The best thing you can do to help a young bird found on the ground is to leave it alone, said a bird expert at Colorado State University.
Chances are the parents are nearby, waiting for humans to leave so they can continue feeding and protecting the fledgling, said Judith Scherpelz, director of the Rocky Mountain Raptor Program at Colorado State’s Veterinary Teaching Hospital.
"We get a lot of immature birds of prey, and other agencies get songbirds and other species, brought in by concerned and well-meaning people who think the young bird’s in trouble because it’s on the ground," Scherpelz said. "That’s possible, but in the vast number of cases the young bird’s okay, the parents are present and the best thing someone can do to help is to do nothing."
With birds on the ground, check for no or few feathers. Birds that are young probably fell or were blown from a nest. If you can spot the nest and it’s accessible, gently return the young bird to it. Since birds have poor senses of smell, Scherpelz said, human scent on their offspring won’t bother them. If the young bird hasn’t been out of the nest for more than about 24 hours, adults probably will continue to care for it if it is replaced with a minimum of disturbance.
On the other hand, an immature bird on the ground with most of its feathers, particularly one who’s flapping, is probably exercising and learning how to fly. The parents are nearby, watching. Again, the best action is no action.
"There’s often a period of a few days to a couple of weeks when a young bird is on the ground, trying to figure out how to fly, and that’s when people think it needs help," Scherpelz said. "That’s when you should just leave it alone."
So when does a young bird need help? It’s a matter of judgement, she said, but clear indications (some requiring patient observation) for human intervention include:
- an obviously injured young bird or one that appears bedraggled after a prolonged rainy period;
- a bird too young to care for itself from a nest that has obviously been destroyed, for example, after a tree has been cut down or a gutter has been cleaned;
- a bird that has obviously been abandoned by its parents. Abandonment isn’t necessarily obvious; look around and watch quietly to make sure the parents are gone, Scherpelz urged.
In addition, Scherpelz offered three tips on helping birds and other wildlife.
- If you bring a bird to authorities, make sure you can describe exactly where the bird was found. The information will help return the bird to the wild.
- Control your pets – especially cats. "In some areas, domestic cats are responsible for up to 80 percent of all deaths of young birds," Scherpelz said. "Keep pets under control, indoors or on a leash.
"Feral cats are a serious problem for birds and for other wildlife, but well-fed, healthy pet cats are stronger, are better hunters and are more likely to kill birds."
- Don’t try to take care of an injured or orphaned bird or other animal on your own, for several reasons.
In the case of virtually all bird species, possession of a wild bird is illegal under federal laws, Scherpelz said. In addition, birds of prey may "imprint" on humans, have no fear of them and see them as a source of food; this could lead birds of prey to fly after – or, from the human perspective, "attack" – people. Such birds pose dangers both to people and to themselves. Providing a proper diet, especially for raptors, is difficult. Surprising as it may seem, a diet of pure meat will cause malnutrition and death.
State laws require that indigenous wildlife in trouble be taken directly to rehabilitation authorities, and excessive handling of a bird or other wildlife can transmit disease to humans.
If you’re sure the bird or other animal is really in need, cover it with a coat, towel or other cloth. Don’t feed or water young creatures; place in a ventilated box or bag. Put a baby bird in a small container lined with paper towel or tissue for support and transport it to a wildlife rehabilitation facility.

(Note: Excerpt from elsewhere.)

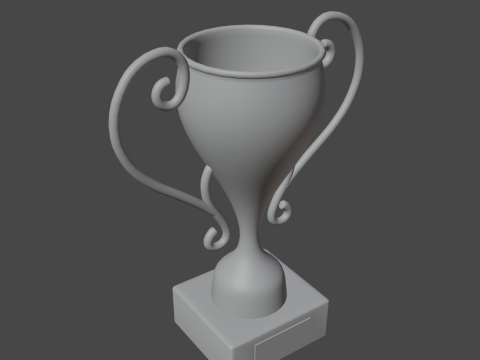 Gold Trophy Cup 04 Modello 3D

If a bird needs help, get it from experts. Along the northern Front Range, bring injured or abandoned raptors (for example, American kestrels, great horned owls and screech owls) to Colorado State’s Veterinary Teaching Hospital, 300 Drake Ave., Fort Collins.
Other injured or abandoned wildlife can be taken to the Humane Society for Larimer County, 6317 Kyle Ave., Fort Collins, for care by Wildkind, the Humane Society’s wildlife rehabilitation program. If you find wildlife, call (970) 226-3647; after hours, leave a message.

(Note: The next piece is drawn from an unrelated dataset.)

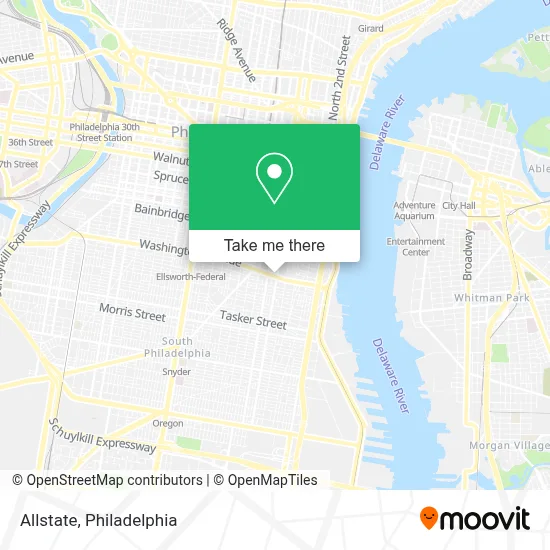 Allstate map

Scherpelz suggests that in other locales, people finding injured birds or wildlife might check with the Human Society, the local Audubon Society or the state’s division of wildlife for further assistance. They can often provide advice or referrals.
"There are ethical issues involved," Scherpelz said. "Some people feel that interfering with any wild animal is unethical and that nature should take its course. Others think human development has caused many of the problems that wildlife face and that it’s our responsibility to intervene and care for them.
"But, when in doubt, let the bird or animal alone – you’re probably doing it, and its parents, a favor."